BEGIN Supplied data
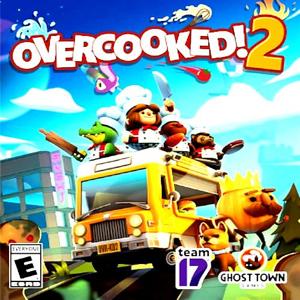 Overcooked! 2 - Nintendo Key - Europe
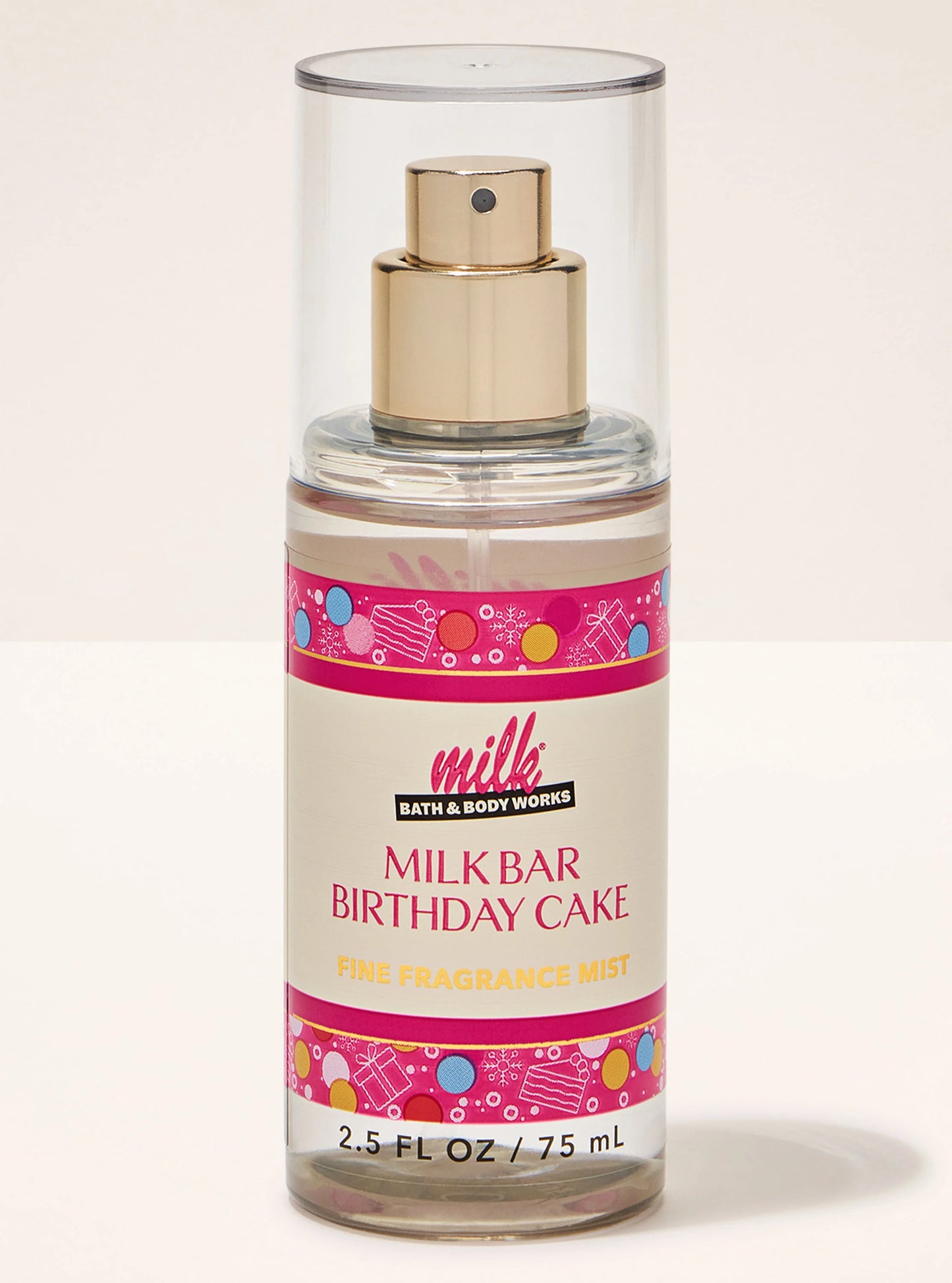 Milk Bar X Bath & Body Works Fragrance Mist (Travel size)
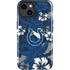 NFL Indianapolis Colts Tropical Print iPhone 15 Plus Impact Case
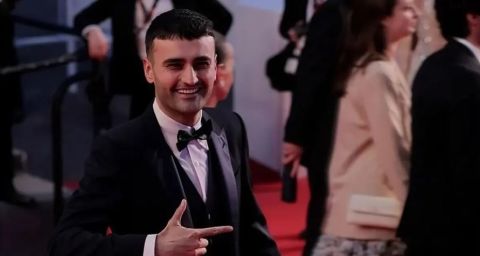 الشيف بوراك يرد على السخرية من تواجده في مهرجان كان: تعليقات سيئة حقًا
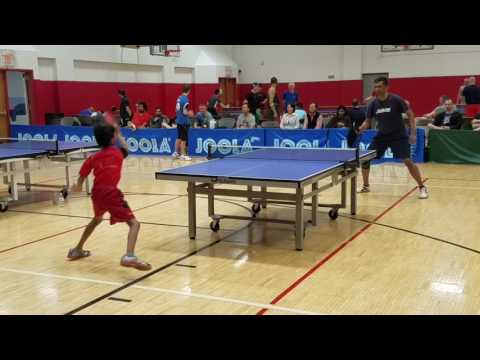 Nandan Naresh  vs Arcot Naresh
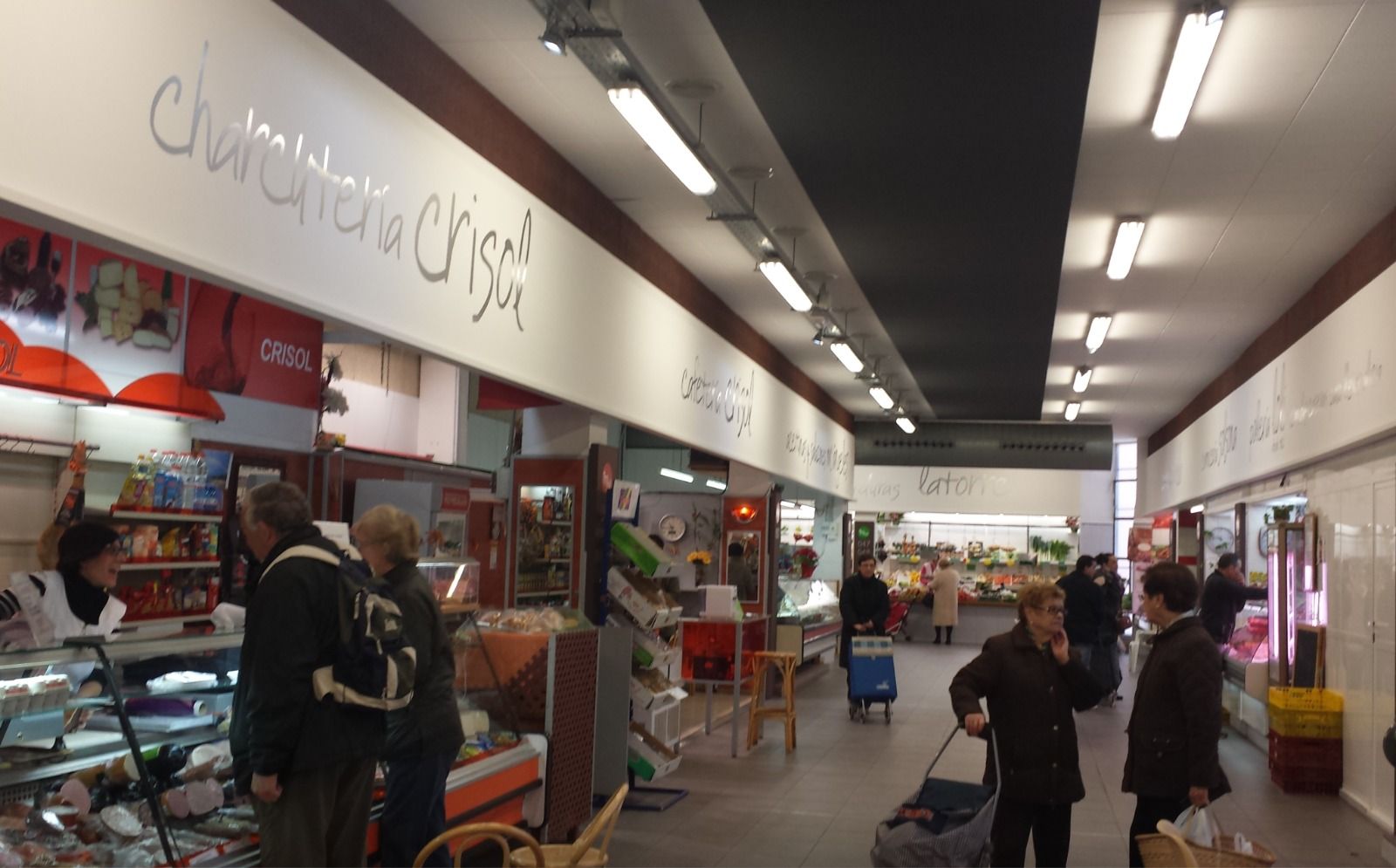 Mercat municipal de La Vall d'Uixó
END Supplied data
### Activity
Although the records above contain pictures, your copy should give only their text, exactly as written.

### Final answer
 Overcooked! 2 - Nintendo Key - Europe
 Milk Bar X Bath & Body Works Fragrance Mist (Travel size)
 NFL Indianapolis Colts Tropical Print iPhone 15 Plus Impact Case
 الشيف بوراك يرد على السخرية من تواجده في مهرجان كان: تعليقات سيئة حقًا
 Nandan Naresh  vs Arcot Naresh
 Mercat municipal de La Vall d'Uixó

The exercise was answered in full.